Archives for posts with tag: Feelings

So M has gone to Holland to see his family, and we’ve sent Lily to the kennel because I’m coming off my prednisone taper and it’s just been too difficult for me to get her out 3 times a day when my head is elsewhere.

But I’ve done pretty well with being home alone. And I’ve had friends checking in on me, so it’s not like I’m really alone. I have a comfy bed, crochet to do, TV, and the Internet and plenty of simple stuff to eat. I sleep a lot when I’m coming off my prednisone taper. Prednisone is a fabulous drug in many ways, but the side effects can be quite awful. It creates a stress-like environment in your body, so that your blood sugar rises, you fill with fluid and it impacts all of your muscles. My teeth feel very long, my eyes don’t focus and I just feel fuzzy all over. Add that to the anti nausea drugs, you’re a drooling, constipated mess. I’m sure I’ve written this all before – I fear I begin to be redundant.
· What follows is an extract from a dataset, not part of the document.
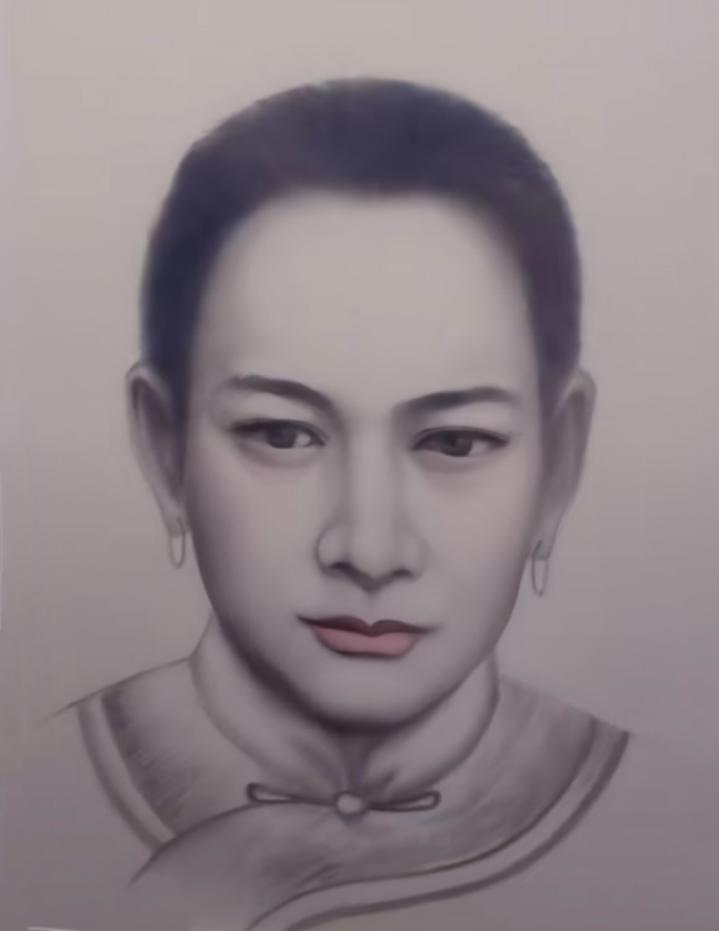 下图这张被修复照片中的女子，是周恩来的生母万氏，她是县长家的千金，也是最爱周恩来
But at the end of the taper, things start to feel better, and it really only takes a day or so to feel normal again. But, you have to be a little careful emotionally because of mood swings. The first time I went off prednisone, I had this manic feeling. Rushing around, wanting to eat everything. And then you can tank and feel depressed. You can also be depressed when your counts drop because you’re just tired and lacking energy. So the key here is to simply listen to your body, and don’t expect yourself to do too much at any one time. Nothing is so important that it cannot wait.

I also have strange food cravings. For the last few weeks I’ve wanted to eat asian inspired things – noodles and broccolli in soy and ginger with shrimp, dim sum dumplimgs. Pesto. Garlicky and green, clear flavors for the most part. Wonder if that has something to do with how the chemo impacts my mouth lining. So I’ve been eating shrimp and chicken and salads. Yummy. And dark, dark chocolate. Might as well eat what I want. More about that in another post though…….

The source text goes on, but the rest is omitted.